_Source material_
========
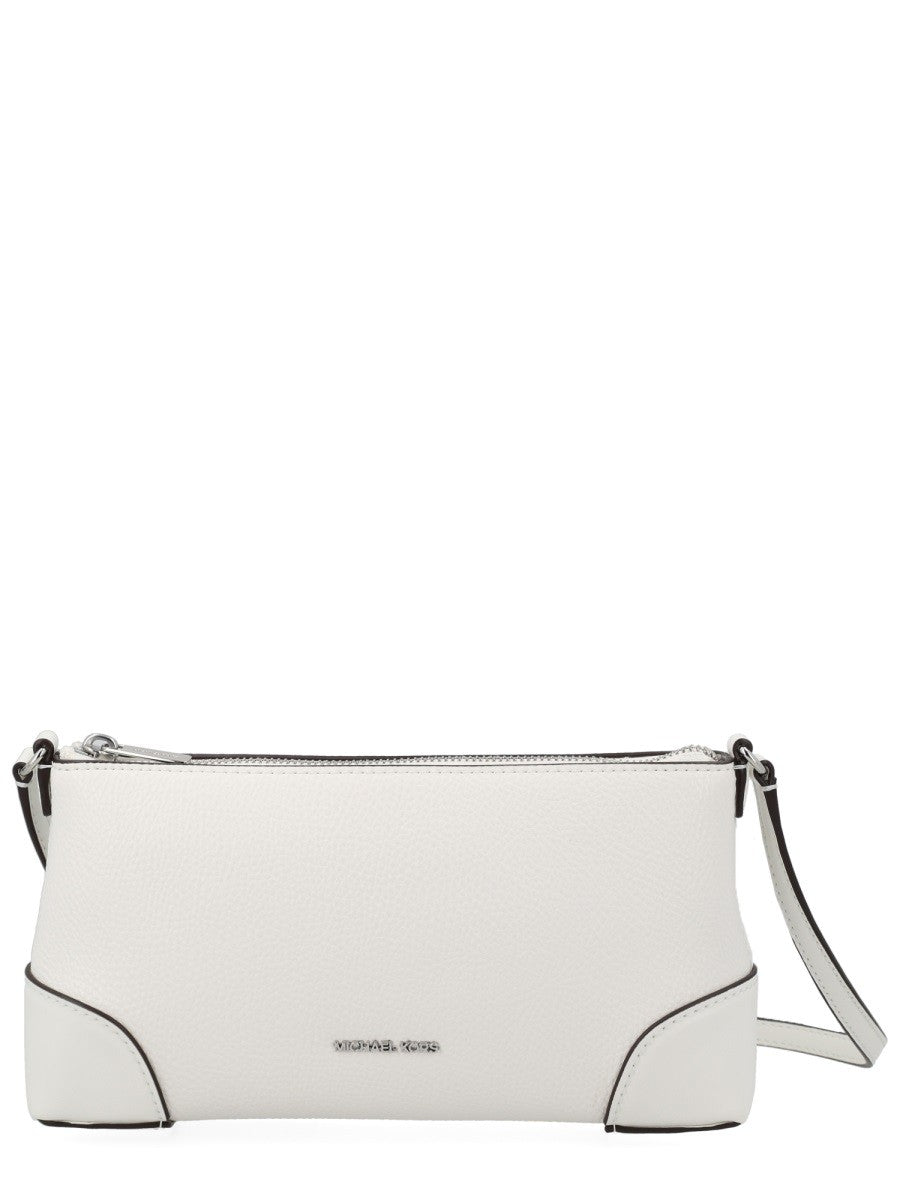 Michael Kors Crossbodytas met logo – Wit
========
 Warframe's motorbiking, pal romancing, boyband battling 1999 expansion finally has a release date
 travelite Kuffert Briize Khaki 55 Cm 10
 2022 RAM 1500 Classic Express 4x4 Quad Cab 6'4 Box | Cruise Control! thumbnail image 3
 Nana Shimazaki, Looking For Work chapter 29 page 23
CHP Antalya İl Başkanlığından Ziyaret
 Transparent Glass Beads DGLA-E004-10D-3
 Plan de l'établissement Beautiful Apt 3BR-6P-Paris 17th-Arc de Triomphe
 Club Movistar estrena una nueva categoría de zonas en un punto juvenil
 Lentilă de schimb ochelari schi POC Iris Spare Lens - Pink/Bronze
========
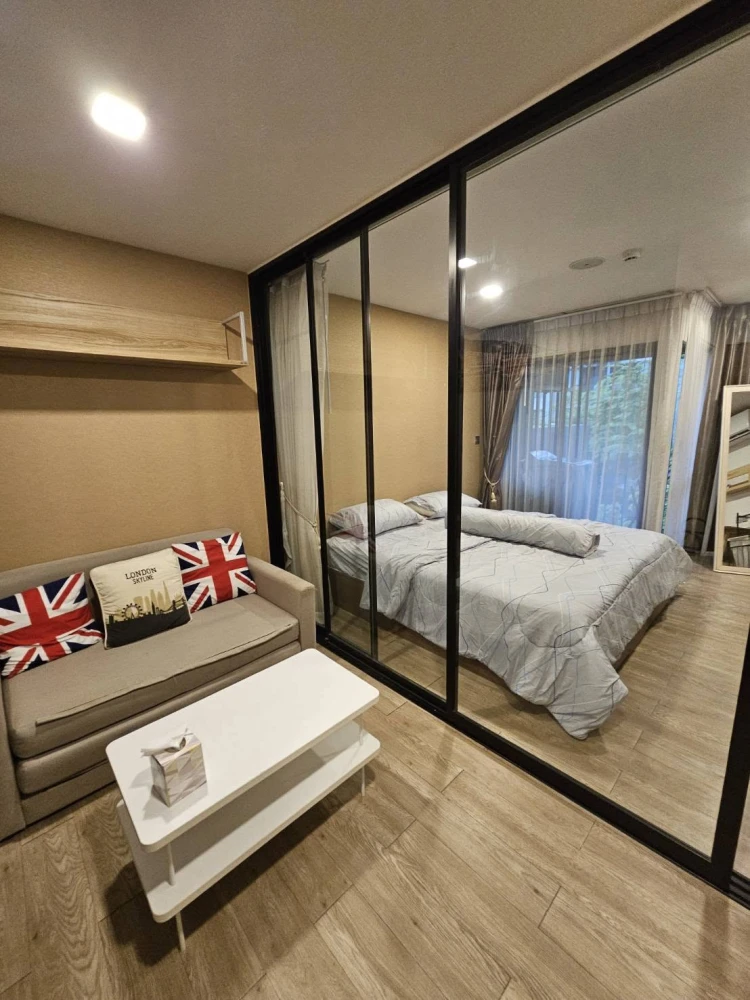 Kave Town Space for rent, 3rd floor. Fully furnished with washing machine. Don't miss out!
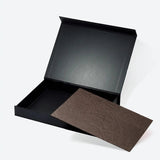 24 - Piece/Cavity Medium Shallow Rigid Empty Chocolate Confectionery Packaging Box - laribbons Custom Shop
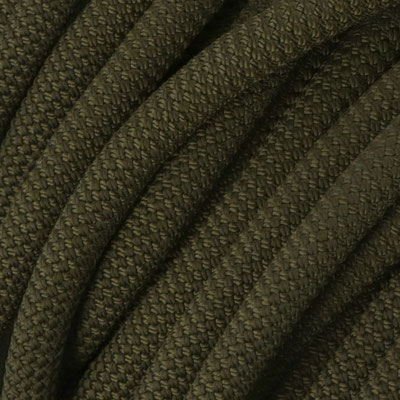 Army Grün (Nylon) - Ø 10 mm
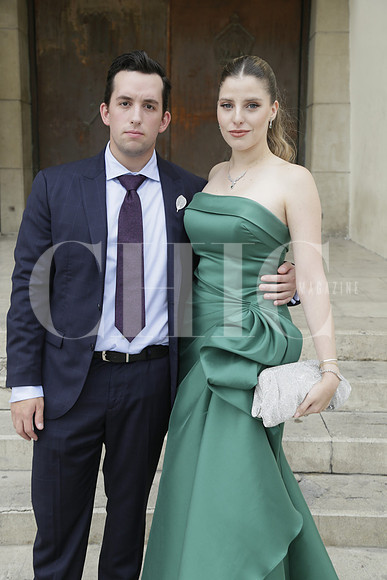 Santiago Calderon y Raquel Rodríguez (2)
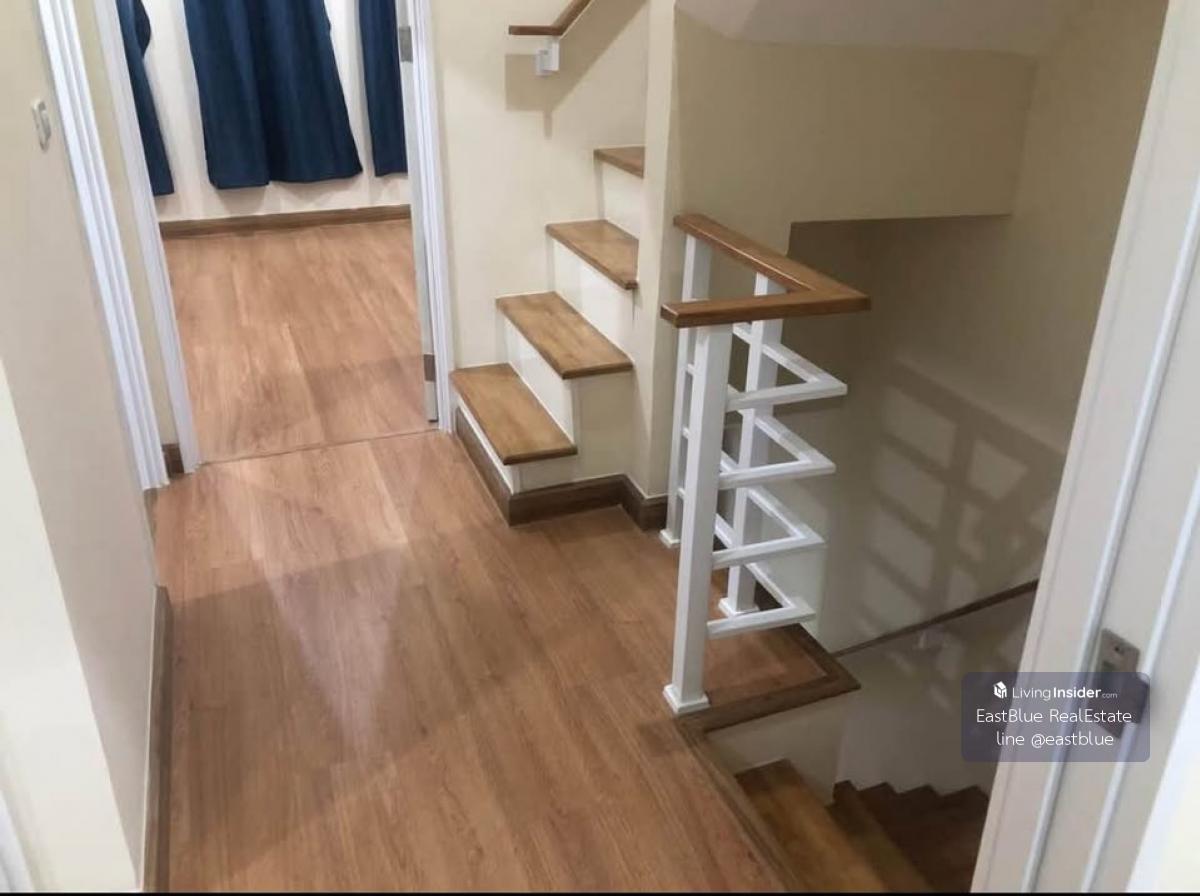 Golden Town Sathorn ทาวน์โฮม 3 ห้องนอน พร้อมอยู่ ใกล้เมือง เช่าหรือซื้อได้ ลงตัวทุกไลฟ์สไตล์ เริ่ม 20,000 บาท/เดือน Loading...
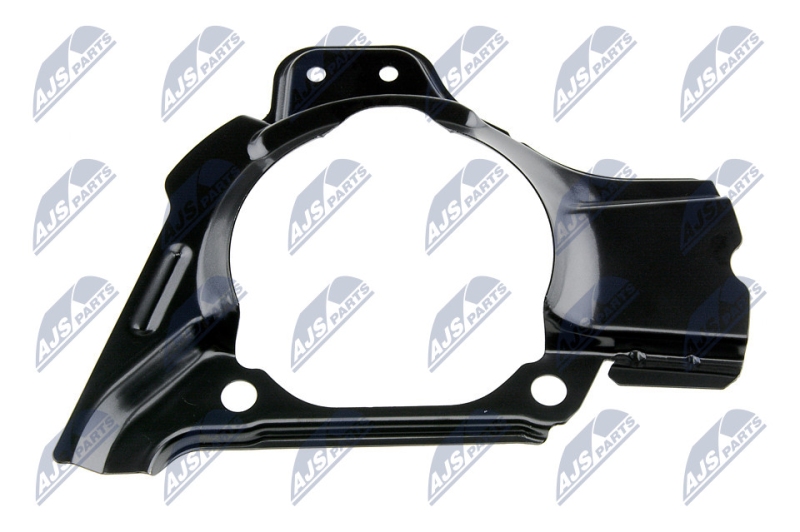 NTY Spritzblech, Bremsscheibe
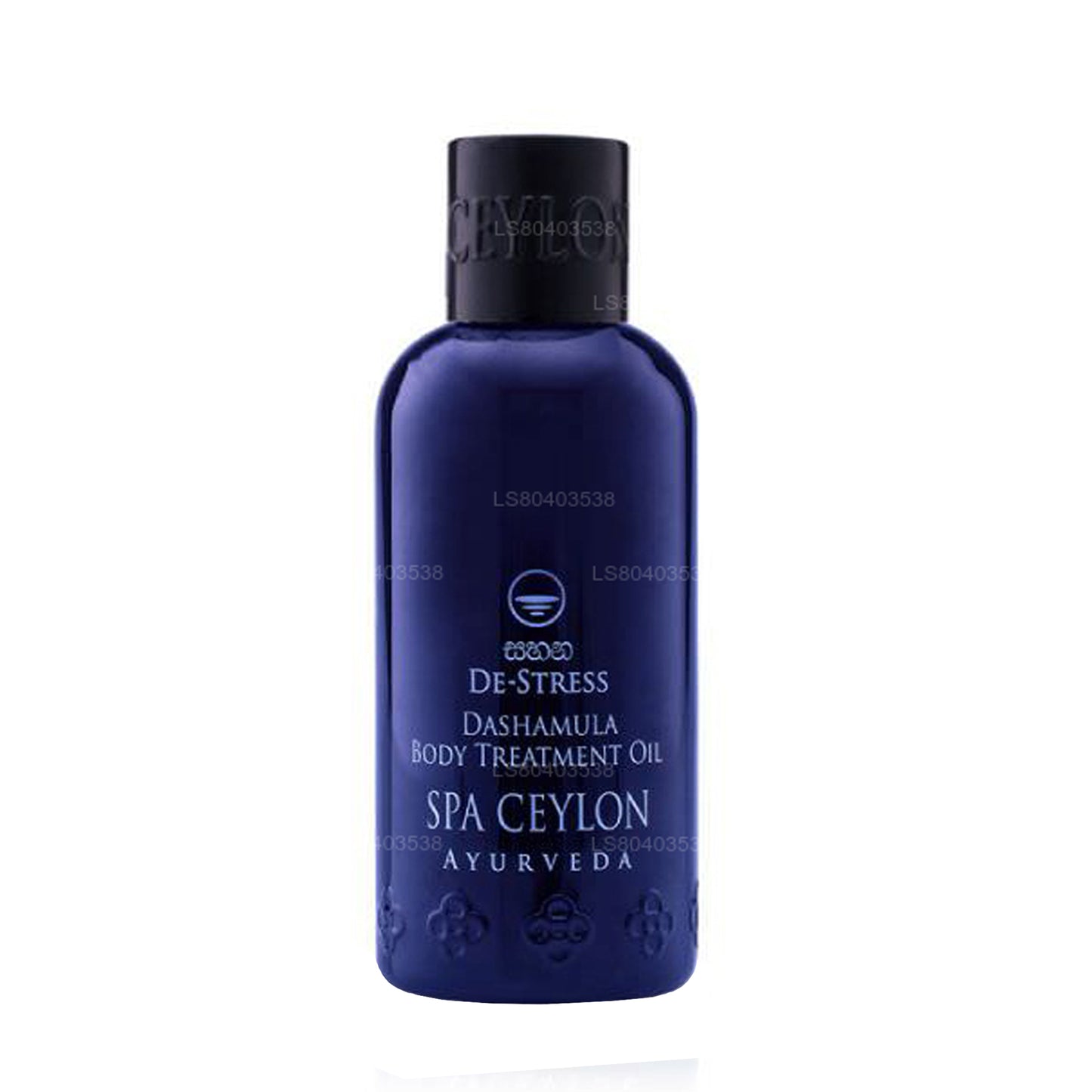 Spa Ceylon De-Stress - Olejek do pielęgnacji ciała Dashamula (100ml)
========
Set down, exactly as written above, each line from the one with "Santiago Calderon y Raquel Rodríguez (2)" through the one with "Spa Ceylon De-Stress", and skip the pictures.

_Final answer_
 Santiago Calderon y Raquel Rodríguez (2)
 Golden Town Sathorn ทาวน์โฮม 3 ห้องนอน พร้อมอยู่ ใกล้เมือง เช่าหรือซื้อได้ ลงตัวทุกไลฟ์สไตล์ เริ่ม 20,000 บาท/เดือน Loading...
 NTY Spritzblech, Bremsscheibe
 Spa Ceylon De-Stress - Olejek do pielęgnacji ciała Dashamula (100ml)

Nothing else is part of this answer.